After the Austro-Prussian War the North German Confederation was established in 1866 with the United States recognizing the Confederation in 1867. Formal diplomatic relations were never established. Four years later the Confederation later merged with the German Empire where relations continued.

History
Following the establishment of the North German Confederation on July 1, 1867, on November 20, 1867, the U.S. Minister to Prussia, George Bancroft, informed Secretary of State William H. Seward that he had attended the opening of the North German Parliament. He requested, however, that the Secretary formally notify him of the intentions of the U.S. Government concerning the question of the recognition of the North German Confederation. On December 9, 1867, Secretary Seward approved of Bancroft's decision to attend the opening of the North German Parliament since he was the officially-accredited U.S. Minister to the Prussian King Wilhelm I, who was also the hereditary President of the North German Confederation. Furthermore, Seward informed Bancroft that he would disseminate a description of the Confederation's flag so that its ships would be welcomed in American waters.
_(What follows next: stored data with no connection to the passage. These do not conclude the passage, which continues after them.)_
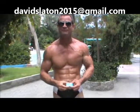So if you have any questions about this product or any other product, feel free to write to me at davidslayton19 at gmail.com. I want to thank you for taking the time to watch the steroid profile. Keep juicing, guys.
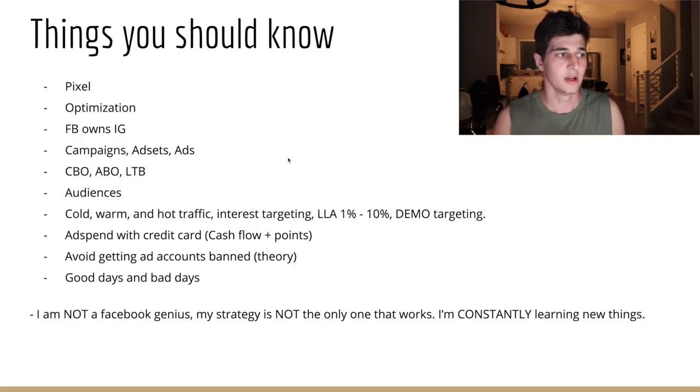CBO is campaign budget optimization — budget stored and optimized at the campaign level, which has been working really well for me lately. ABO is ad set budget — the old traditional Facebook where you give a budget to each individual ad set. LTB is lifetime budget, where you give a campaign or ad set a total lifetime budget, like $1,000 over 30 days.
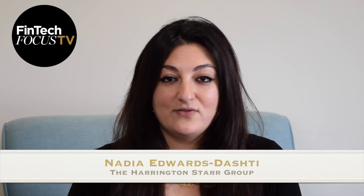Welcome to the Alternative Interview Guide. I'm Nadia Edwards-Ashley and I work for the Harrington Star Group. Today we're talking about coders and how they can make their interviews a great success.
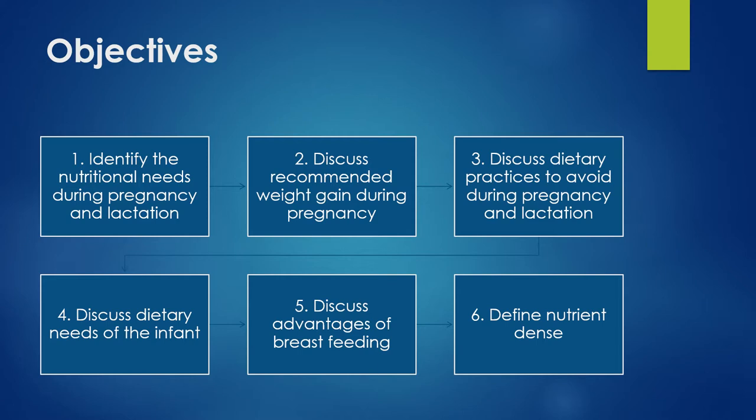We'll discuss the dietary needs of the infant after birth, focusing a lot on breastfeeding — the advantages, and also what happens when people have to use formula, comparing and contrasting the difference. Finally, we'll talk about nutrient-dense nutrition. We also want to cover adolescent teen pregnancies, because not only do they have the stress of their own extreme high-growth period, they've now got the added nutritional need for the baby they're carrying — so it's like a double requirement placed on the body.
This exchange between Seward and Bancroft implicitly signified a formal recognition of the North German Confederation by the United States.

The U.S. sent George Bancroft to serve as Minister of the North German Confederation, in addition to Bancroft’s 1867 commission as U.S. Minister to Prussia. On February 22, 1868, Bancroft concluded the Naturalization Convention with the North German Union to "regulate the citizenship of those persons who emigrate from the North German Confederation to the United States of America, and from the United States of America to the territory of the North German Confederation."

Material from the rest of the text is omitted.